* _Your instructions_
Could you repeat the entries below exactly, but only from the line with "Oude trappist orval" through the line with "Admiral Butterfly Stationery Design", and without any picture?

* _Record excerpts_
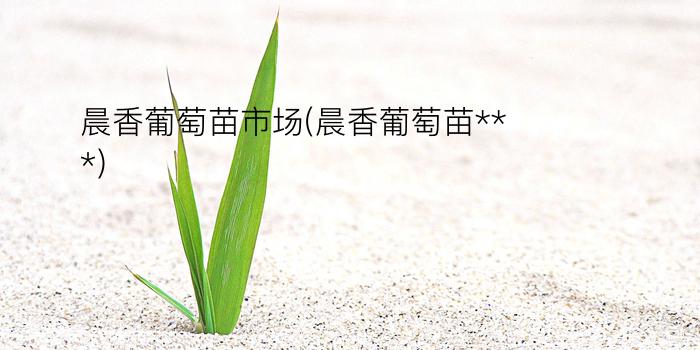 晨香葡萄苗市场(晨香葡萄苗***)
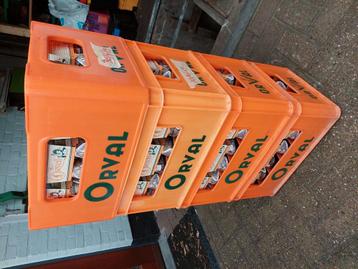 Oude trappist orval 6 jaar oud bier met smaakevolutie beschikbaar voor biedingen
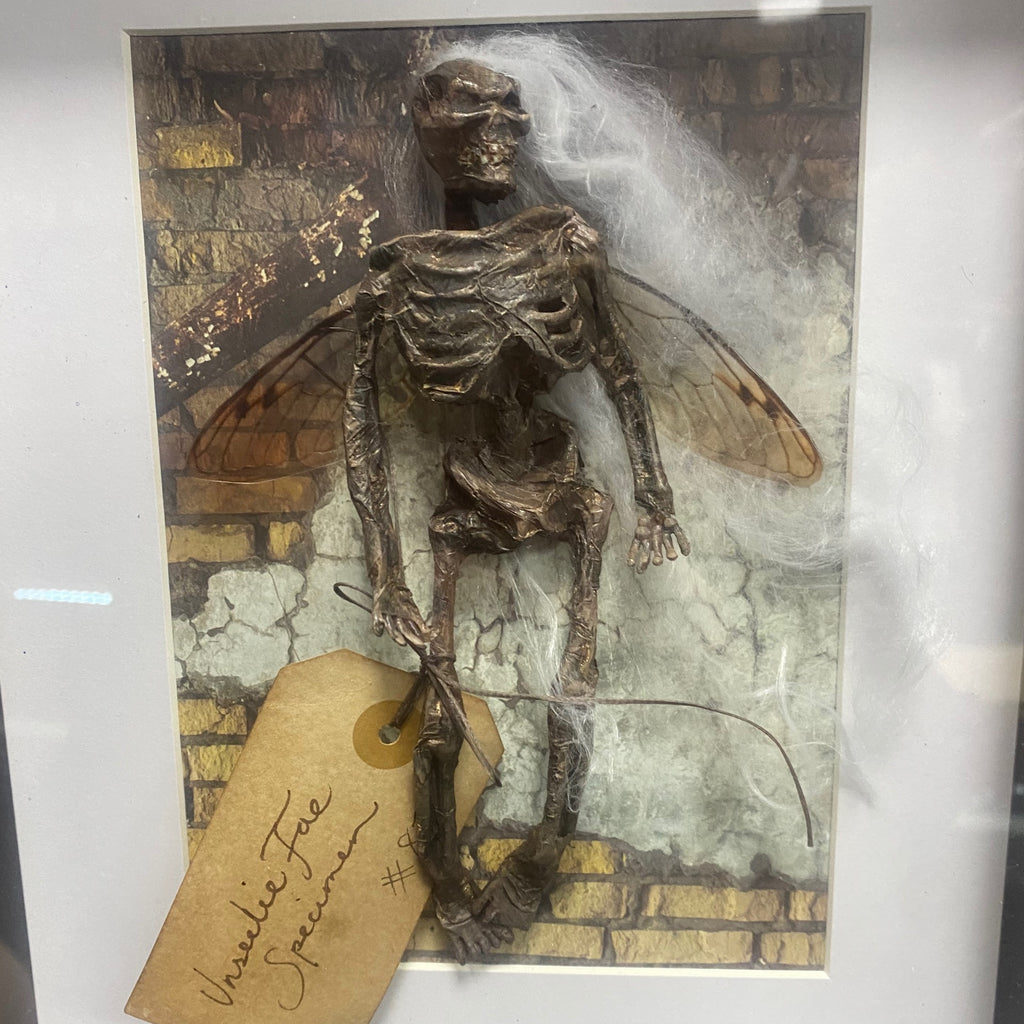 Faery #87 Unseelie Fae Specimen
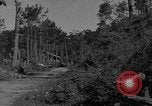 Image soldats des États-Unis Baguio aux Philippines, 1945, de la seconde 43 séquences d'archives historiques vidéo 65675045278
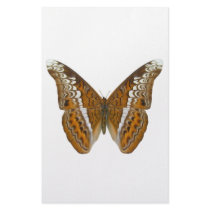Admiral Butterfly Stationery Design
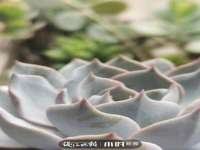 沛县锦味时光电子商务有限公司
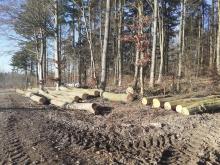 Modexen Kreis Höxter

* _Answer space_
 Oude trappist orval 6 jaar oud bier met smaakevolutie beschikbaar voor biedingen
 Faery #87 Unseelie Fae Specimen
 Image soldats des États-Unis Baguio aux Philippines, 1945, de la seconde 43 séquences d'archives historiques vidéo 65675045278
Admiral Butterfly Stationery Design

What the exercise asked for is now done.